CDCgov / ww-inference-model

An in-development R package and a Bayesian hierarchical model jointly fitting multiple "local" wastewater data streams and "global" case count data to produce nowcasts and forecasts of both observations
https://cdcgov.github.io/ww-inference-model/
Apache License 2.0
12 stars 1 forks source link

Speed up website build in CI? #79

Open dylanhmorris opened 3 weeks ago

dylanhmorris commented 3 weeks ago

The current bottleneck in building the website in CI is executing the vignette, which takes ~10m.

  1. If we add additional vignettes we may wish to pre-execute the vignettes before building the website, which would enable us to parallelize vignette execution
  2. We may also wish to explore possible ways to avoid re-running the vignette every time (but NB potential setup and/or robustness costs).

Tagging @kaitejohnson, @cbernalz, and @seabbs for discussion.

kaitejohnson commented 3 weeks ago

My thoughts right now are that this is currently almost serving as an end-to-end test (which I know isn't great, but also a proper end-to-end would likely take the same amount of time to run in CI?). In particular, as we have been modifying pre and post-processing it has been a nice way to catch when there are errors in for example changing the names of arguments or elements in a list.

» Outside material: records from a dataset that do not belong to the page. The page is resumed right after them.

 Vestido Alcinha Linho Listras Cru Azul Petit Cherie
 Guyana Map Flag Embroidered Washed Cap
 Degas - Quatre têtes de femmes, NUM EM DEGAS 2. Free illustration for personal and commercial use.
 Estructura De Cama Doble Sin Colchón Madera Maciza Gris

I think that after we put out our first release and we are somewhat committed to stabilizing the format of the outputs from the main fitting wrapper function wwinference() , we should consider doing something akin to what @seabbs set up in epinowcast which triggers rebuilding of the vignette if anything in the vignette changes + scheduled updates on some cadence.

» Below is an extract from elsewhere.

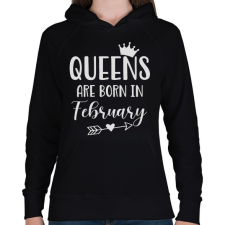 PRINTFASHION QUEENS are born in February - Női kapucnis pulóver - Fekete női pulóver, kardigán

I think as we are developing pretty actively, something like weekly or biweekly seems reasonable. Also worth considering how much speed up we could get by 1.) reducing the complexity of the vignette (e.g. fewer sites) and 2.) modifying the fitting options to reduce warm-up iterations, acceptance probability, etc. I by default used the MCMC specifications we were using in production, but this is likely overkill for a vignette.